Quintin,

I dont know anything about your context, but your setup looks over simplistic. 
Here are some things that I learned 
painfully over a few years of supporting a high traffic retail website

1. Is this a website that's on the internet, and thus exposed to random queries 
from bots and scrapers that you can’t control?

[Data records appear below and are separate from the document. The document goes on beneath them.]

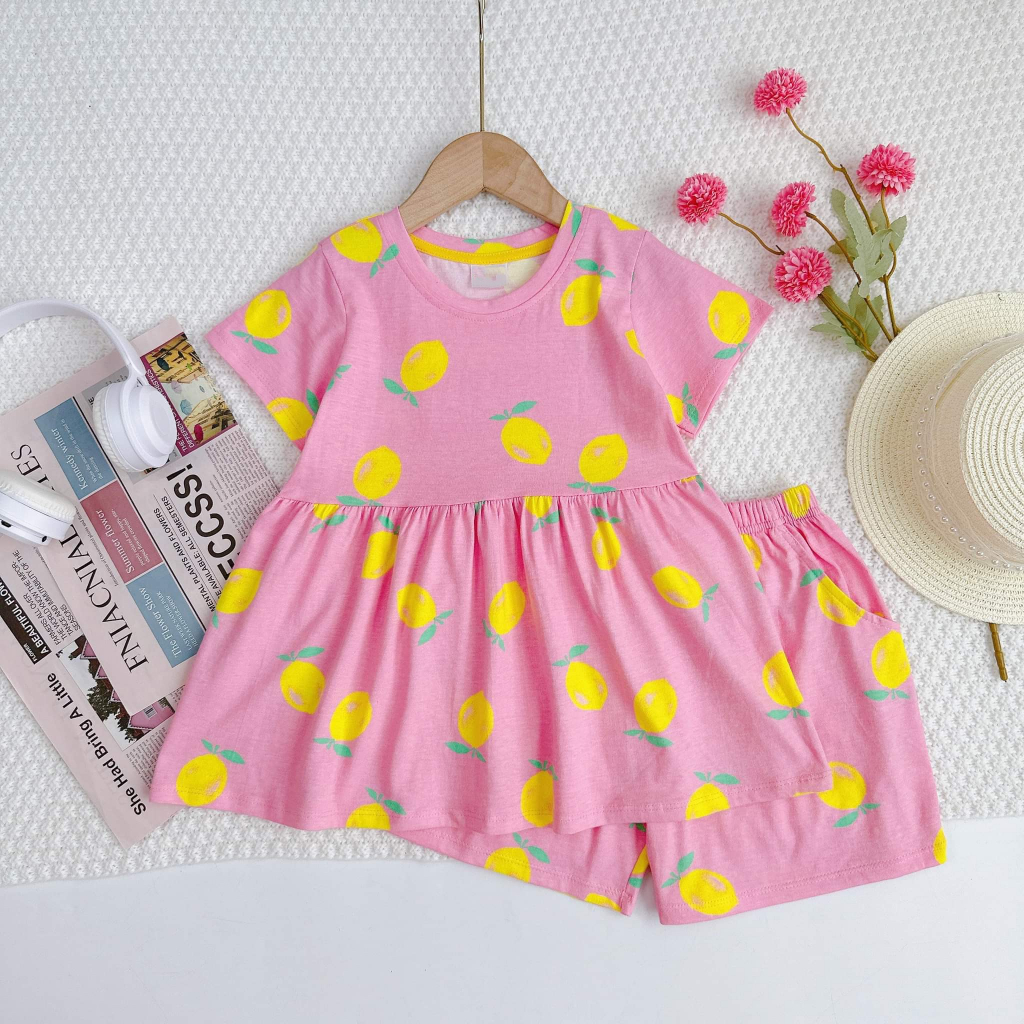 Bộ Baby Doll Mùa Hè Size Từ 17-42kg VNXK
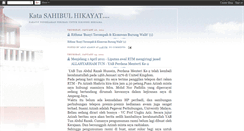 Desktop Screenshot of katasahibulhikayat.blogspot.com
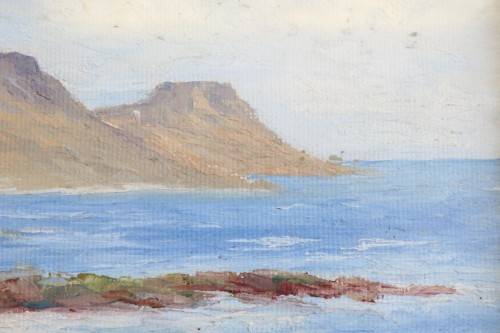 **RS17** A wonderful framed (behind glass) painting signed "S. Wallace" of the Twelve Apostles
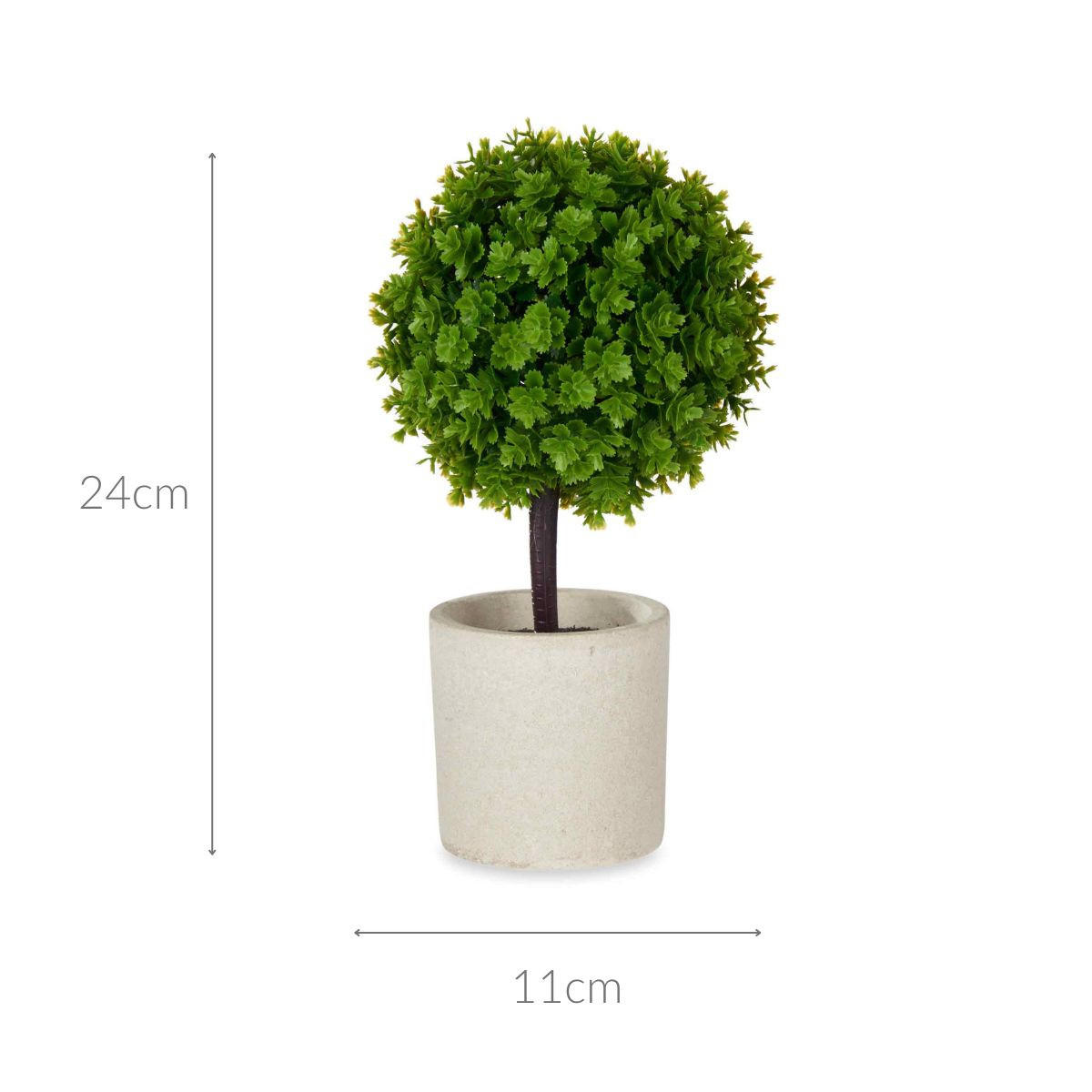 DEKORATIVE PFLANZE Keramiktopf 24 cm - Grün, Kunststoff (24cm) - Ibergarden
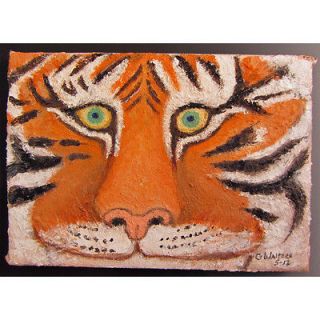 Tiger Original Oil Painting Clemson Auburn LSU Princeton Missouri 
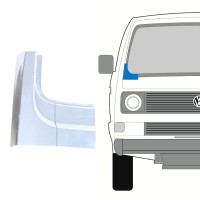 Panneau de réparation de pare-brise pour Volkswagen Transporter T3 1979-1992 / Droite 16126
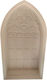 Keramisches Dekoratives Rahmen Einschnitt 19,50x11x3,5cm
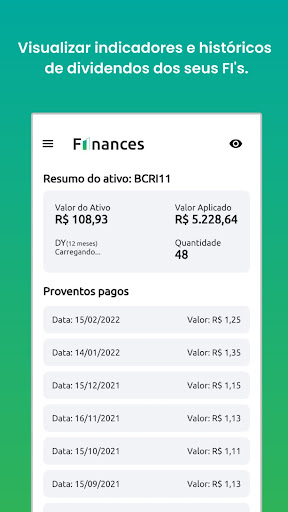 Meus Dividendos Screen 2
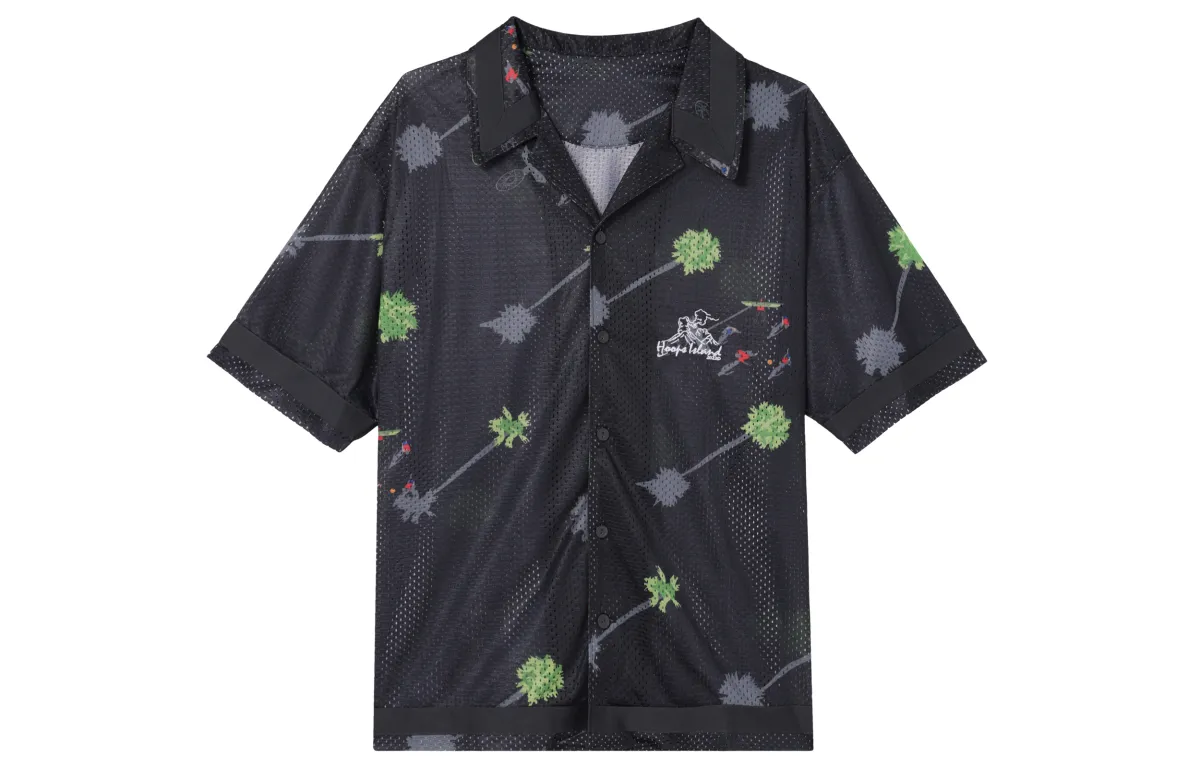 Nike Dri-Fit Shirts Men's Black Lapel Moderate Other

2. For your cache misses, how long best case, typical and worse case does your 
back-end take to build the pages?

3. You need to log everything that could feasibly affect the status of the 
site.  For example, here’s a log config urationfrom one gnarly site that I 
worked on:

    log_format main '$http_x_forwarded_for $http_true_client_ip $remote_addr - 
$remote_user [$time_local] $host "$request" '
                      '$status $body_bytes_sent $upstream_cache_status 
$cookie_jsessionid $http_akamai_country $cookie_e4x_country 
$cookie_e4x_currency "$http_referer" '
                      '"$http_user_agent" "$request_time”’;

4. the first problem is your cache key, and that it includes $request_uri which 
is the original uri
including all arguments. So you are already exposed to DOS requests that could 
be unintentional,
as anyone can bust your cache by adding an extra parameter.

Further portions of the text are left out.